Houve um tempo em que eu podia falar sobre
a gratuidade quando desejasse e de maneira até mais espontânea. Hoje é
diferente, claro, e a espontaneidade vai ficando mais calculada. Até que a
aparência calculada se confunde totalmente com o gesto gratuito. Não sei se o
nome disso é cinismo nem se de fato designa uma prática desagradável. Talvez não
seja, e calcular e agir correspondam às duas faces da mesma moeda.

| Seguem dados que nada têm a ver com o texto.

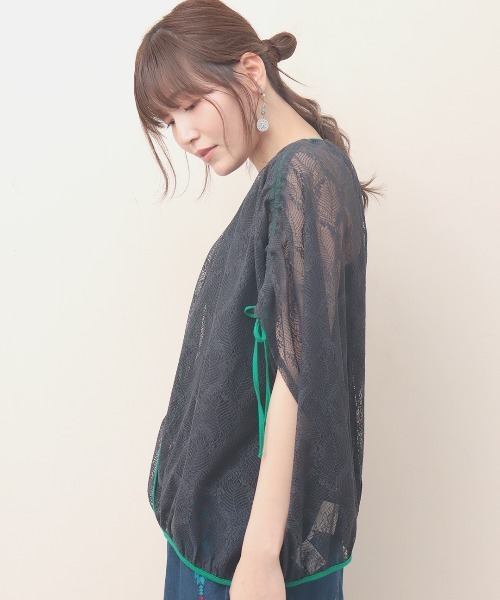 tシャツ リーフメッシュレースポンチョプルオーバー レディース リーフメッシュレースポンチョプルオーバー / Tシャツ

A gratuidade, essa qualidade que admiro
cada dia mais, não se encerra depois do ponto final. Dizer que qualquer
história segue depois do ponto final é um clichezinho, eu sei, mas é que com o
gratuito isso acontece de verdade. É fácil identificar os modos do gratuito. Continuidade
desinteressada, ausência de pequenas intervenções projetadas dias ou até meses
antes do ato.
Mas o que é o gratuito?
É tudo que dispensa obrigações,
explicações, salamaleques – o não gratuito é, portanto, tudo que exige uma
porção extra grande de energia e paciência, mesuras, protocolos e uma argamassa
especial que mantém um sorriso arreganhado por até 12 horas (ideal para
reuniões mais longas).
E tudo isso parece elogio da espontaneidade. Não é. Quer palavra mais ingrata que essa? “Fulano é tão espontâneo.” Pior que ela, apenas “criativo” e derivados, empregados sempre com essa intenção falsamente perspicaz de traduzir os desenhos infantis reunidos num caderninho ou a nova configuração dos móveis na sala.

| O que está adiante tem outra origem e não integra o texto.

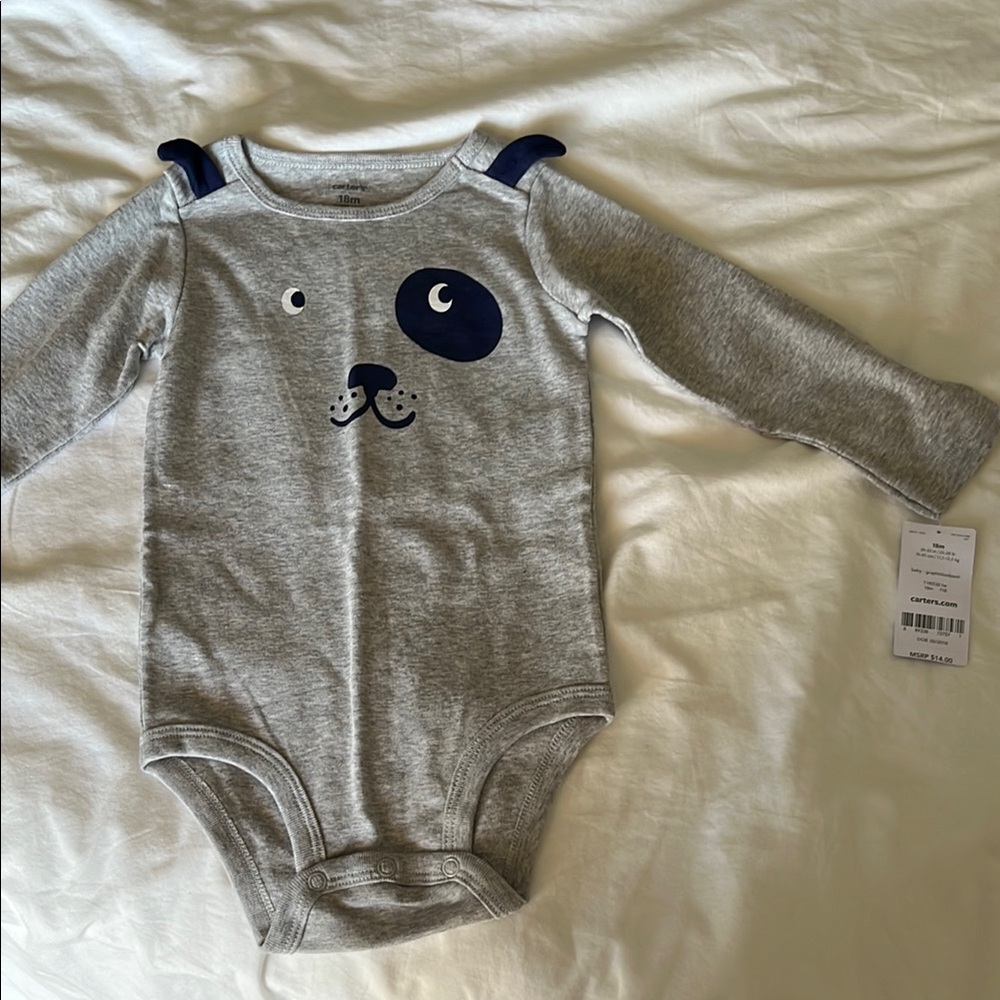 Gray and Blue Puppy Onesie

Frequentemente as pessoas confundem o
gratuito, que é outra maneira de falar do banal, com o “de graça”, outro nome
para barato. O gratuito não é barato nem fácil: é prazeroso, inútil, mas pode
ter um preço elevado. É diferente do barato, cuja razão de ser está no valor, normalmente
abaixo de um patamar estipulado por alguma norma monetária. O barato pode sair
caro; o gratuito, nunca.
E se paro por aqui é apenas porque a
história que pretendia contar foi aos poucos deixando de ser gratuita para se
tornar barata.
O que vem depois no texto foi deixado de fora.